Just after World War I, when Montreal was still a major port city, J&R Weir was a going concern in ship repairs and maintenance. They employed dozens of men known as engine fitters, skilled tradesmen who, with nothing more than a hammer, a chisel, a set of files and an assortment of measuring tools, fashioned precise steam engine parts from whole blocks of metal.

The engine-fitting trade did not survive the development of Ford-style assembly lines, but J&R Weir did. Cranes, welding and machining equipment were brought in; the premises were expanded. On a busy day, the interior would be filled with smoke and the loud clang of iron falling on concrete, with welders over in one corner, engine parts everywhere, and natural sunlight streaming through the windows and the haze. And every day was a busy day: employees often worked around the clock to complete repairs in time for the ships to sail.

J&R Weir did eventually close up shop, the combined result of the port's decline due to the St. Lawrence Seaway, shipping's decline relative to air and road transport, and the country's decline as a world shipping power--Canada never developed a reputation for metal shipbuilding like it did for the old wooden hulls. From the mid '70s on, the building stood abandoned and lifeless.

This is a terrible thing to happen to a building, even an industrial shop. According to the lore of Freemasonry, the stone-cutter's craft is a form of divine knowledge; buildings, properly crafted, mirror the structure of the human soul. But a building's true soul comes from the people and activity that inhabit it; remove the people and it becomes a neatly ordered, gravity-defying, hollow pile of rubble.

Worse still, the foundry symbolized the fate of the entire Récollets area. J&R Weir was surrounded by relics of an earlier industrial age. The Lachine Canal was put out of commission. The railway running through the middle of de la Commune, which once served all the industries along the canal, atrophied for lack of clients. Surrounding businesses faltered, and many fell like dominoes. Parking lots proliferated where buildings once stood.

In the mid '70s, Save Montreal tagged the area "an urban desert of dusty, old buildings" and demanded a Récollets redevelopment plan. But real estate developers avoided the area like the plague, and would have still if not for Szalwinski's aesthetic sensibility--combined, of course, with his surfeit of money.

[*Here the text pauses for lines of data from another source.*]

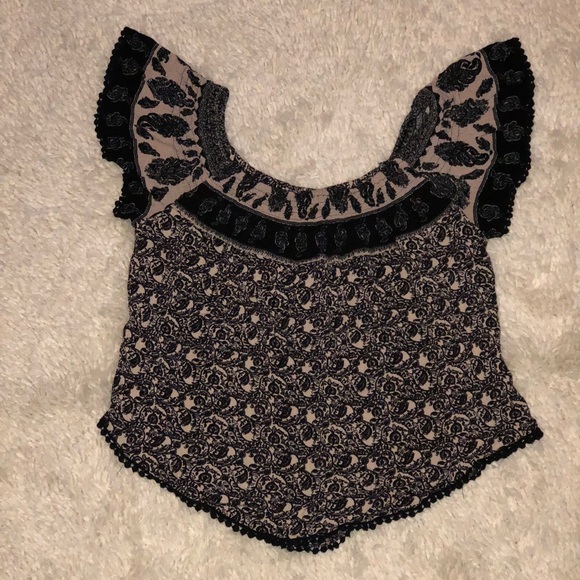 Off The Shoulder Cute Top - Picture 1 of 3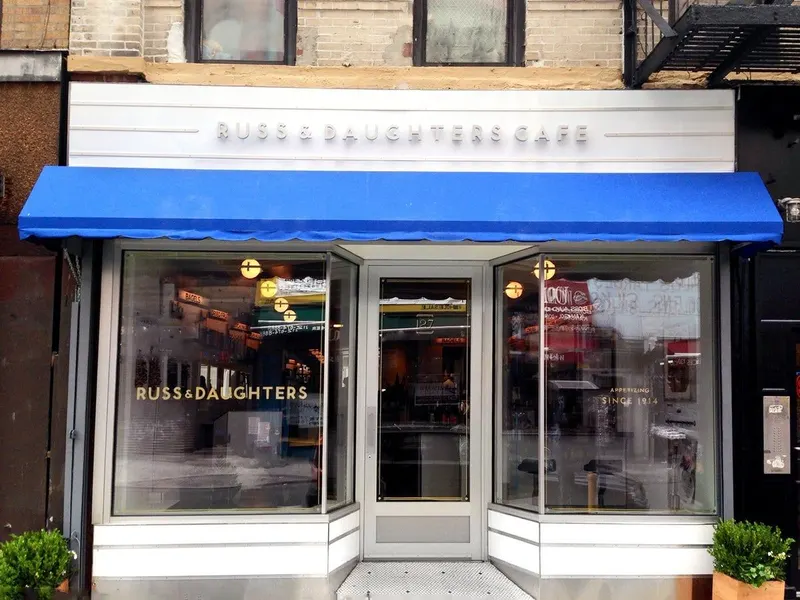 Russ & Daughters Cafe
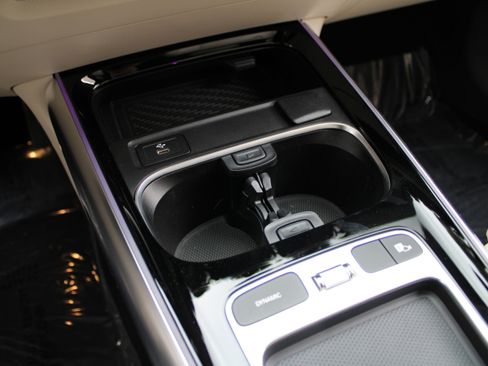 Used 2025 Mercedes-Benz GLA 250 4MATIC image 19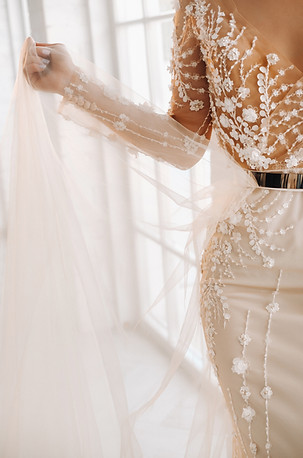 a-luxurious-bride-in-a-wedding-dress-in-the-mornin-2026-01-09-07-31-18-utc.jpg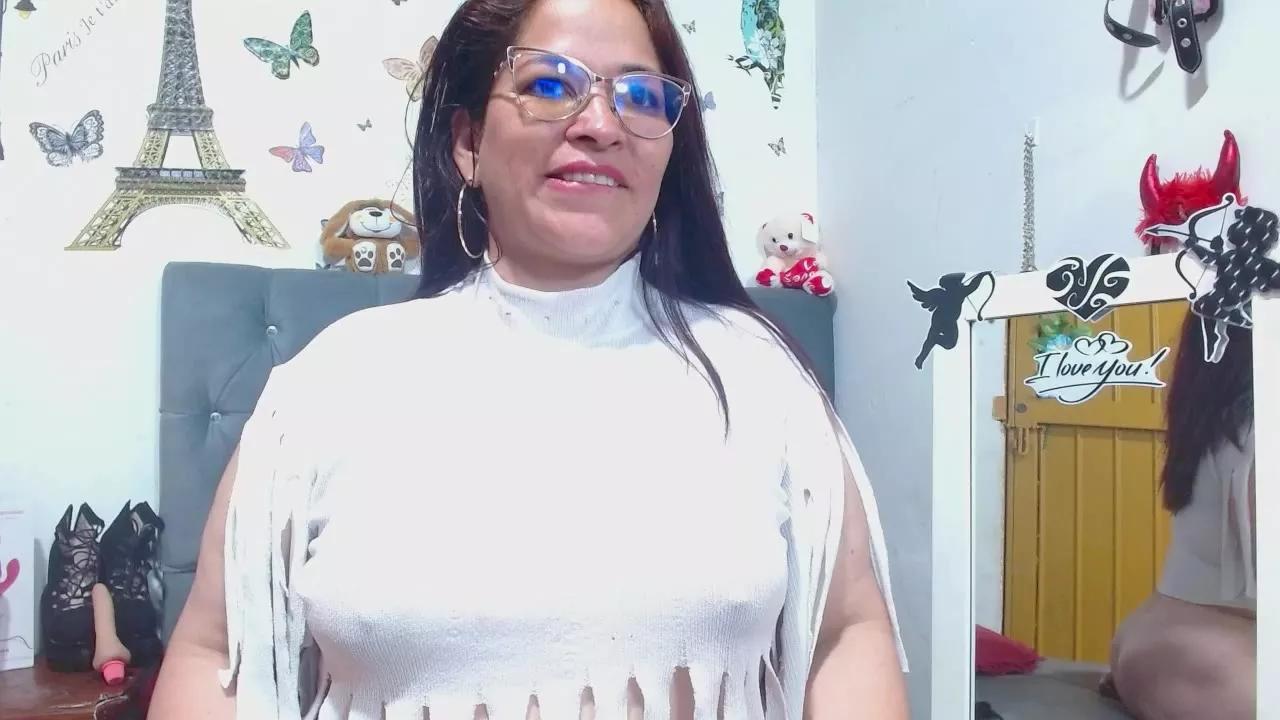 Steffany_Taylor on Streamray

Szalwinski says his brokers spent six months showing him sterile corporate low-rises and high-rises. By December 1995, he was getting impatient. "I told them, 'Let's get in the car and drive around. I'll show you what I want.'" He already knew: an industrial warehouse with lots of light, near the waterfront.

"The minute I saw this place, I said, 'This is it! This is the bloody building!'" His brokers, skeptical, counseled against it, but he was insistent, motivated by vision or hubris or a desire to indulge his personal tastes. Eighteen months and about $10 million later, Discreet moved in.

"It was a courageous move by Discreet," says Dinu Bumbaru of Heritage Montreal, who presided over Save Montreal's jury for the 1997 Orange and Lemon Awards. The decrepit state of both neighbouring Griffintown and the entire canal corridor meant that the Récollets, part of an increasingly vast expanse of abandoned real estate with a freeway cutting through its middle, was hardly ripe for gentrification.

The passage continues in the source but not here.